OCI president Pat Hickey accepted the report was quite damning of Ireland’s true Olympic standing, but reckoned the door was wide open for a better relationship with the Sports Council.

“It sounds very depressing, but some good can come of it,” said Hickey. “It’s like we’re standing . . . nude out in the street. Well now we can put clothes on. I hope it shakes everybody up. There are very worrying things in it [the report]; that maybe our athletes across all the sports are not ambitious enough; that they don’t have the inner hunger that they should. The other is the mish-mash of different systems in the country aren’t working.

“But there seems to be some sort of inordinate fear in the Sports Council about the OCI. I don’t know whether it’s down to personalities or not. I get on very well with John Treacy [the Sports Council chief executive], but he seems to think that I’m out to wipe him out. Not at all. His role is nothing to do with me.

“We’ve a very friendly relationship. It’s just that he gets nervous about politics. He thinks that I’m trying to out-manoeuvre him. We don’t want to run Irish Sport.
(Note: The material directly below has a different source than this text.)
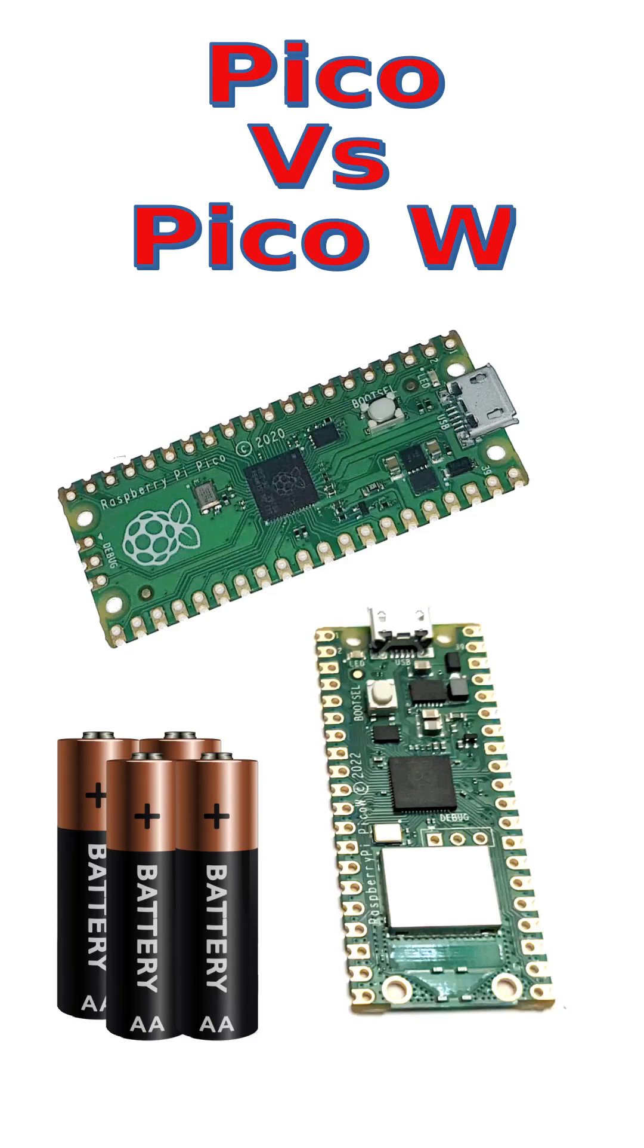The Raspberry Pi Pico W includes Wi-Fi. It's a little more expensive, but it also uses more power. Could that impact battery life? This was a question from one of my viewers, so thanks for the suggestion.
We just want some input. But, for example, we’ve asked for the last four years to be involved in the carding system, that we had a great contribution to make before the money was assessed. We were completely refused.

“Nor were they prepared to share with us the programmes that the national federations had submitted to the Sports Council. The national federations were afraid to give them to us in case it affected their grant aid. There’s a fear there all the time.
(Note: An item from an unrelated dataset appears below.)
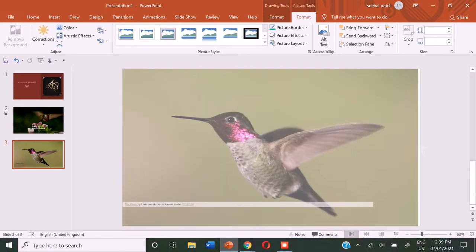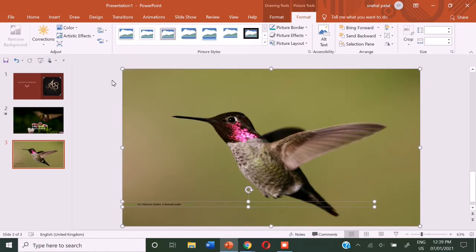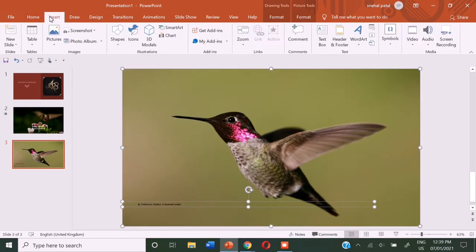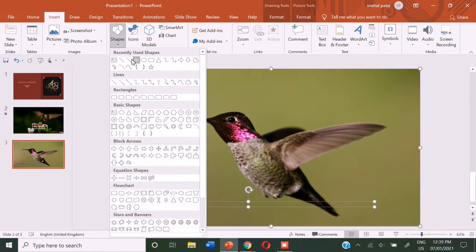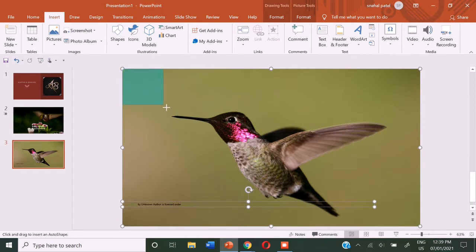So now we can again go to the insert tab. By this time we can go to the illustration groups and choose shapes and choose the rectangle shape and make small squares like this.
“I think what they’re doing to Athletics Ireland is an absolute disgrace. To have the Sports Council interfering with the appointment of key officials, or coaches, in any federation, and to hold back money is grossly unfair.”
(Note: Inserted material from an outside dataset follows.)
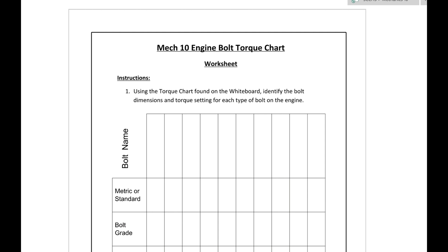All right, in this video we're going to fill in the engine bolt torque chart and I'll show you what that looks like. First thing we want to do is put in a bolt name.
Hickey suggested OCI member Susan Ahern, a sports lawyer and former volleyball international, as their candidate for the Sports Council board: “Not me, but someone with no baggage. That would create a buffer.

“If that person is there, it creates a rapport, so if there are problems coming down the line, we can sort them out before they do become an issue.”

The task of improving relations will fall on the desk of the Minister for Sport Martin Cullen, but in the meantime Hickey had some further suggestions of how Ireland’s Olympic chances can improve ahead of London 2012.

“I said in 1988 that the way forward was to concentrate on minority sports. I was laughed off the face of the earth. Track and field will always be the king of the Games, but if you look at the countries that are getting the medals, it’s in minority sports.

“But we can forget about trying to attract teams here in the run-up to London, because we haven’t got the facilities. Knowing my colleagues in Europe, and around the world, if I brought them here, they wouldn’t see any Olympic standard facilities.

“They’d tell me I’m giving them a second-rate place to train in because I’ve had a look at what they’re offering in the UK. They’re offering £50,000 (€56,000) to come to a regional city. And these cities have fantastic facilities. Right now the benefit of London to us will be next to none. Except maybe a few tourists.”